In the SAS case, according to bankruptcy court filings, SAS contacted 115 potential DIP investors and there was “considerable interest” from a variety of Wall Street banks, private-equity firms and hedge funds. According to Wall Street bankers familiar with the DIP-selection process, Apollo won the day partly because the pricing of the loan—the 9 percent interest rate—was cheaper than others (300 basis points cheaper, according to court filings). Also, notably, Apollo was less interested in hurdling its cost of capital, like a bank would, and much more interested in structuring a deal that would give the firm the chance to own the business outright when it emerges from bankruptcy. And, of course it should also be noted, Apollo was the only firm to submit an actionable bid on the DIP financing.

That gave Apollo a tremendous amount of leverage in the situation. The company’s bankruptcy court filing in support of Apollo’s proposal said as much. In recommending the Apollo deal for the DIP financing to the bankruptcy court judge, SAS wrote that even if it decides not to allow Apollo to buy the company for the agreed-upon $3.2 billion, the additional $19.5 million fee to Apollo would still place the overall cost of the DIP facility “in line with the market for DIP financing, if not more favorable than market pricing.”

It’s not at all clear what Apollo’s ultimate aim is in buying all these airline assets. It has gone about these purchases in a particularly creative and quiet way. There’s no question that the airline industry is highly capital intensive—and Apollo has a lot of capital to put to work—and that it is a consolidating industry, where Apollo could be both a further buyer of assets, as well as a likely seller.

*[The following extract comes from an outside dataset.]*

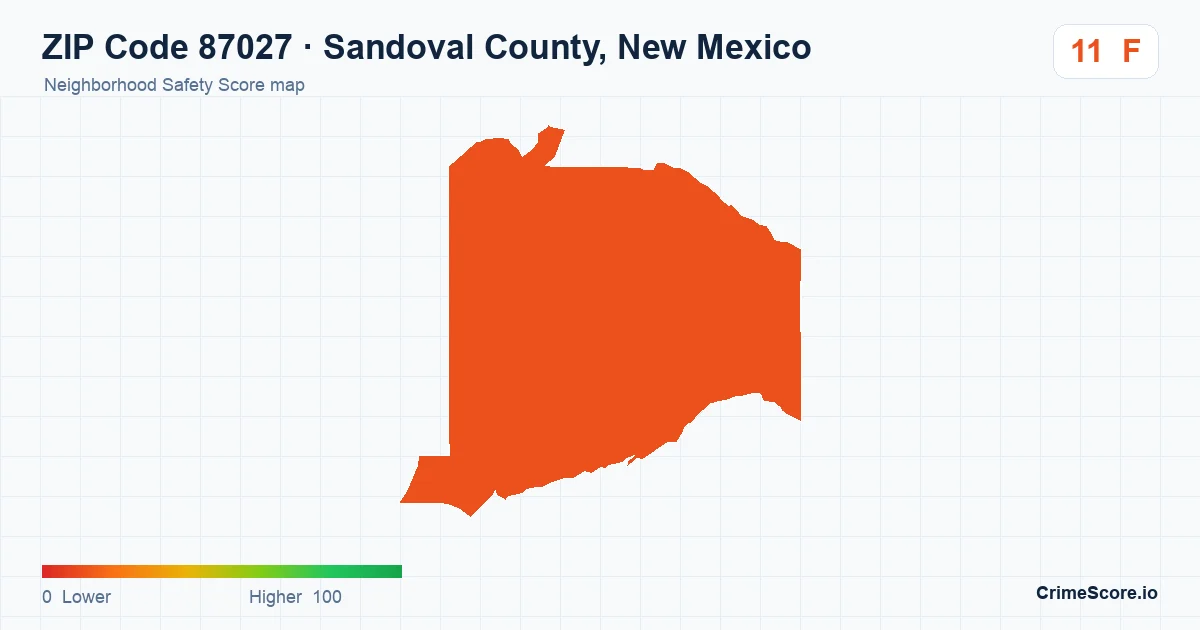 ZIP Code 87027 in Sandoval County, New Mexico neighborhood Safety Score map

Will Apollo be the first private-equity behemoth since TPG to actually buy a major American airline? It certainly wouldn’t surprise me, especially given Rowan’s ambitions for the place, now that he’s in charge. At the moment, though, it looks like Munfakh and his Apollo colleagues have found a fruitful path forward in continuing to gobble up airline assets at an astonishing pace, all pretty much on the down low. “People are asking like, ‘Oh, is this going to be in every case?’” explained one banker familiar with Apollo’s DIP financing for the SAS deal. “And I’m like, ‘No way, because this is such an incredibly unique set of circumstances.’ Will it happen again at some point in our lives? Sure. It’s not like so crazy. But it’s definitely not the norm.”

This person continued: “It’s certainly interesting. It’s certainly clever. It’s a unique solution to a very unique fact pattern. But this unique solution probably wouldn’t work with a less unique fact pattern. Which is like classic Apollo. When everybody else is like, ‘I don’t get it. This is complicated. This doesn’t look like what I’m used to,’ and then they run for the hills, or they price it really obnoxiously, Apollo is like, ‘Well, maybe there’s something unique about this that can create a win-win.’ And that's what they did here.”